Hydroseeding occurs annually and is an important part of both below-the-road and above-the-road revegetation.
IPF's compost blanket work, which has been ongoing since 2004, is making a difference in greening up the steep slopes below the Top Cut. Federal highways enhancement grants have been used to fund the installation of compost blankets.
Revegetation throughout the Pass corridor continues to play a substantial role in the Independence Pass Foundation's restoration work. Since 2004, IPF has undertaken a series of "compost blanket" projects on the steep and severely eroded hillsides below the one- and one-half mile stretch of the Pass known as the Top Cut. The Top Cut, where IPF has worked since 1996, lies just below the summit on the west side.

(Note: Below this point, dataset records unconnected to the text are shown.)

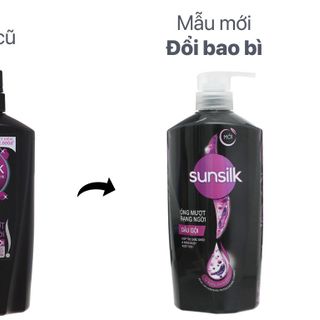 Sunsilk DG OMRG 650g (Đen)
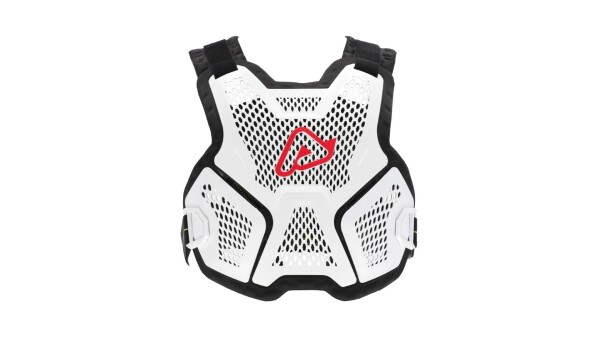 Chránič hrudi Acerbis P035L1 bílá bílá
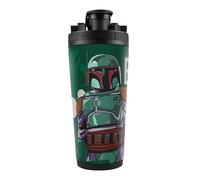 WinCraft 26oz 4D in acciaio inox Ice Shaker Star Wars Boba Fett nero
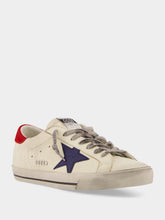 Golden Goose Off-White Sneakers Super Star Nappa Metal Letters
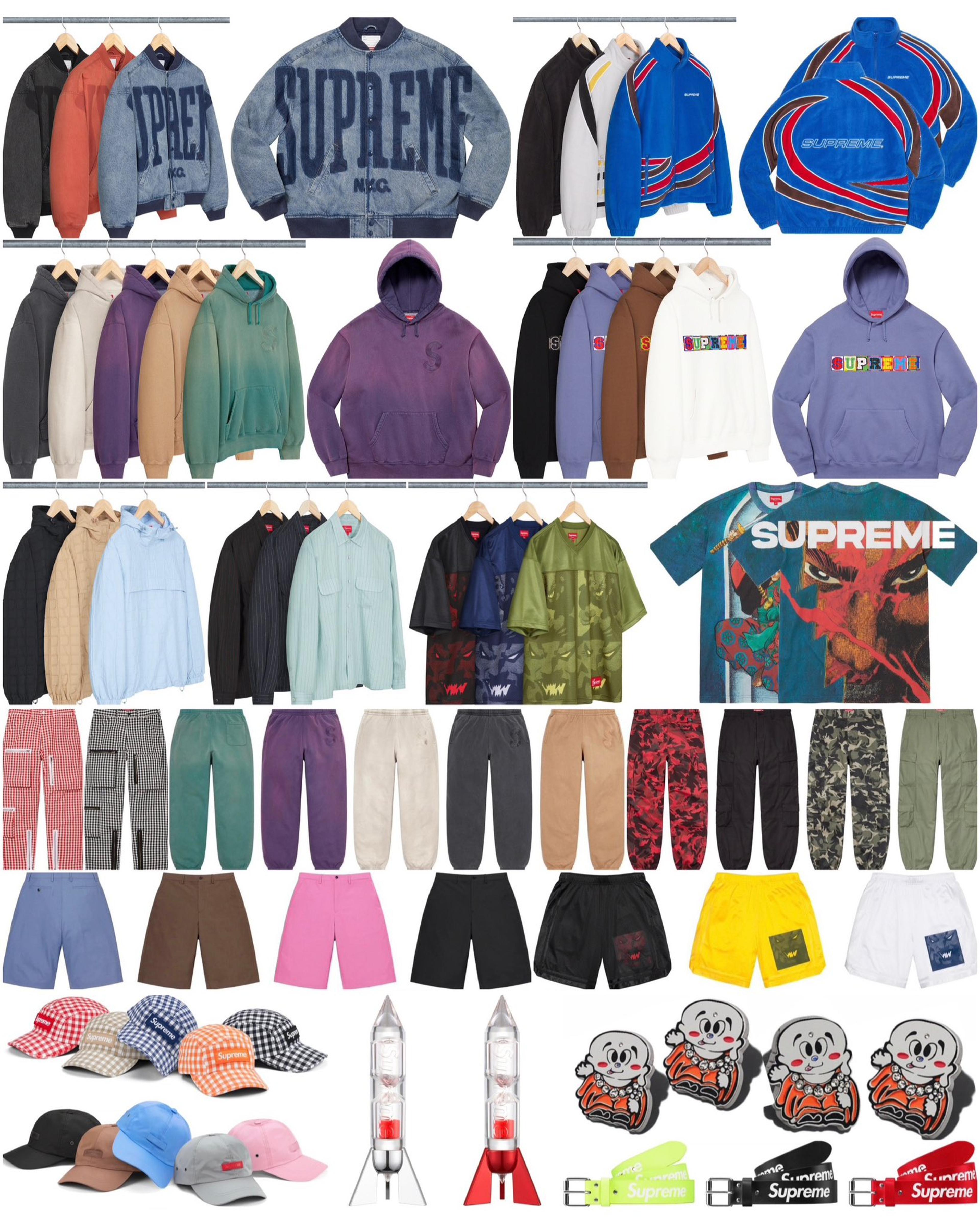 Supreme SS23 Week 9 Droplist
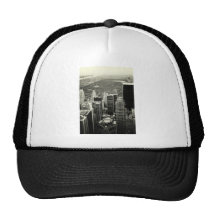 Horizonte y Central Park de NYC Gorro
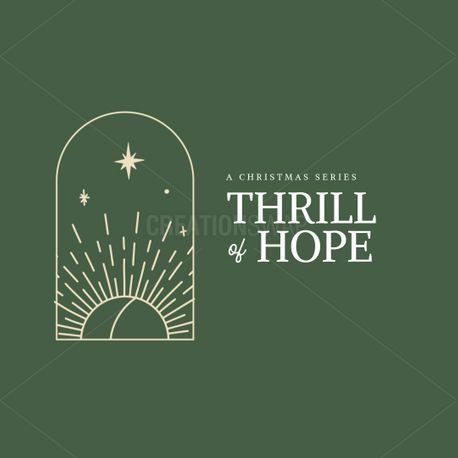 Christmas Sermon Series Graphics, Christmas Sermon Graphic, Christmas Church Graphics, Advent Symbols, Christmas Sermon Series, Paint Quotes, Advent 2023, A Thrill Of Hope, Thrill Of Hope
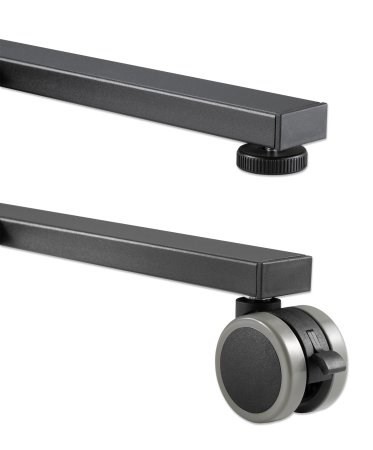 Stojak mobilny TV 34-55" do 35kg regulowany podłogowy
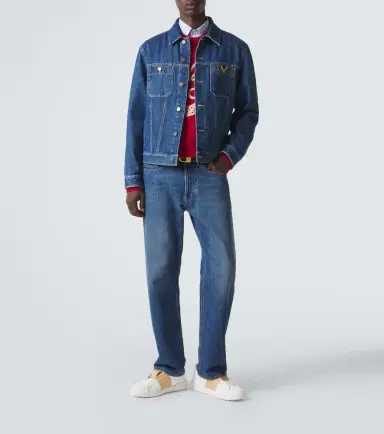 Valentino Garavani Open leather sneakers | Thumbnail 7 Valentino Garavani Open leather sneakers | Thumbnail 7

The lack of organic nutrients in the soil limited the natural revegetation of the slopes below the road. Begun on an experimental basis in 2004, the compost blankets have proven over the years to make up for this deficiency. Organic compost impregnated with native grass seed is spread over the slopes with a blower. The annual growth/dieback cycle that plants undergo replenishes organic material, helping the grassy areas to become self-sustaining.
IPF continued its compost blanket application at the Top Cut in 2011 with a new, more "low-tech" approach. Instead of a blower truck and extensive lock-down netting installation, we worked with Axe Trucking to apply compost using its high-speed conveyor that sprayed compost below the road for a distance of 100-120'. This approach was faster than previous projects that used a blower truck and a long hose to move compost further down the hill. Although some areas could not be reached for treatment, we believe that the efficiency and speed of the conveyor system was a significant advantage. We followed up the composting with a hydromulch and fertilizer application.
Federal grants to improve highways, recommended by the Colorado department of Transportation, have been hugely important to IPF's ability to revegetate the once barren hillsides below the Top Cut. IPF has received an additional $52,000 federal highways enhancement grant for more compost blanket treatment.
2011 Compost Blanket Project. The loader dumps compost in the hopper of the high speed conveyor that in turn shoots the material out 20 to 30 feet over the side of the slope below the Top Cut. The compost is deposited for a distance of 100 to 120 feet down the hillside.